------ MATERIAL SUPPLIED ------

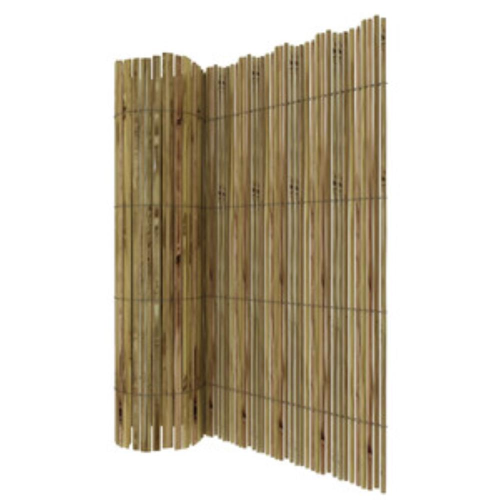 Arella cannette bamboo c/filo metallico 2x3m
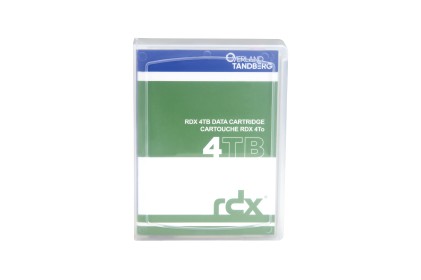 Tandberg Data 8824-RDX supporto di archiviazione di backup Cartuccia RDX 4 TB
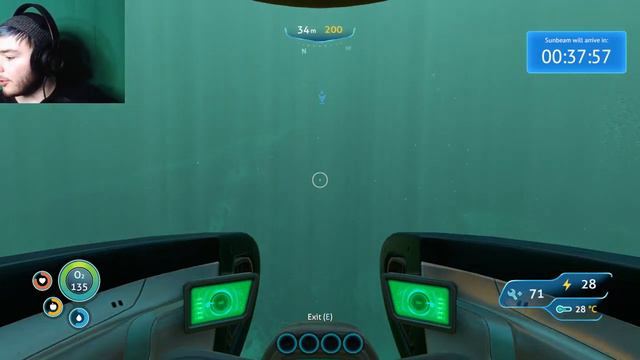 JUST KEEP SWIMMING | Subnautica #3 LIVE смотреть онлайн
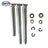 SKP SK38403 Door Hinge Pin and Bushing Kit - Front, Front Lower or Front Upper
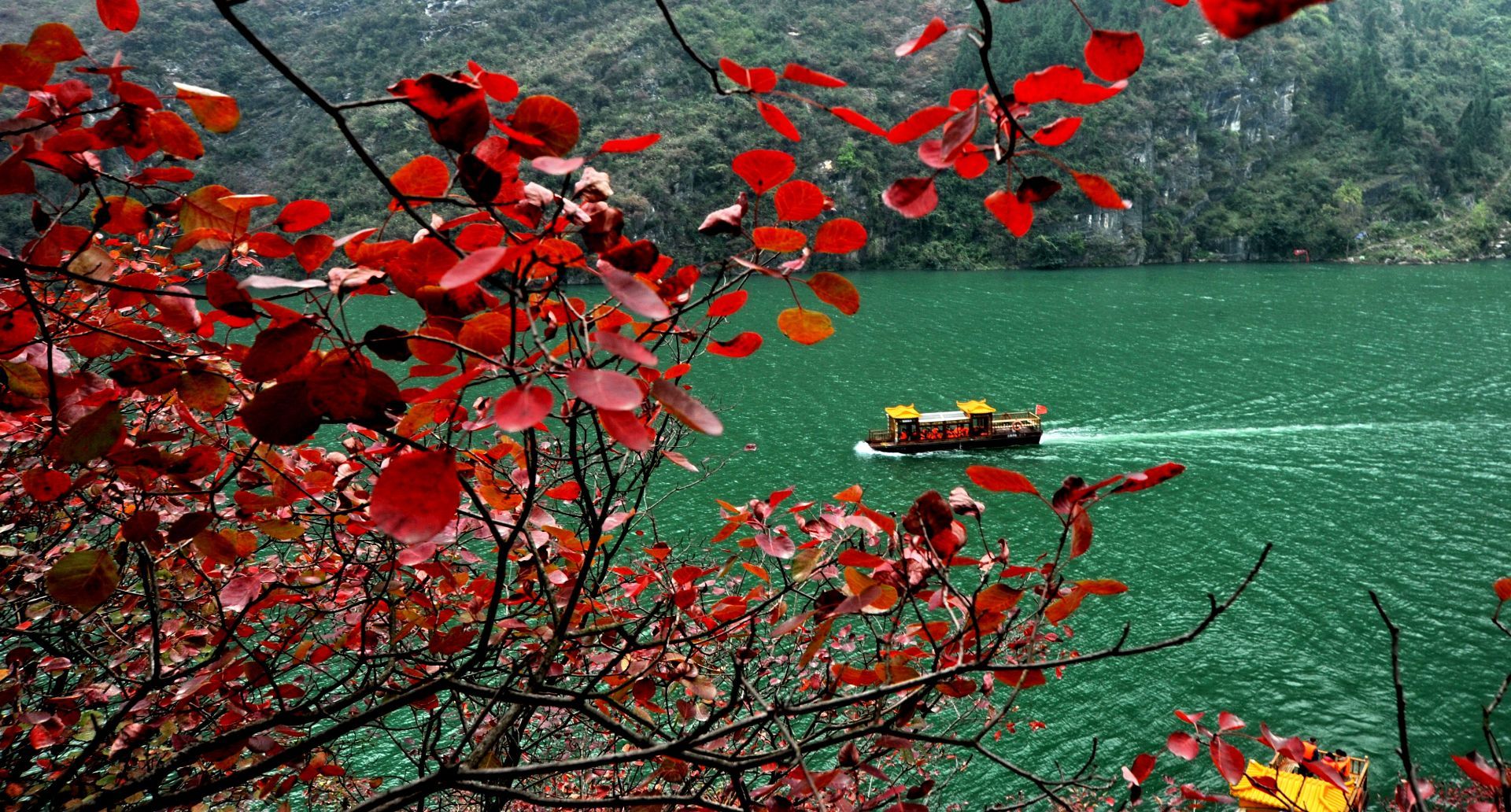 Three Gorges scenery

------

Repeat the data exactly, excluding the pictures.

— ANSWER BOX —
 Arella cannette bamboo c/filo metallico 2x3m
 Tandberg Data 8824-RDX supporto di archiviazione di backup Cartuccia RDX 4 TB
 JUST KEEP SWIMMING | Subnautica #3 LIVE смотреть онлайн
 SKP SK38403 Door Hinge Pin and Bushing Kit - Front, Front Lower or Front Upper
 Three Gorges scenery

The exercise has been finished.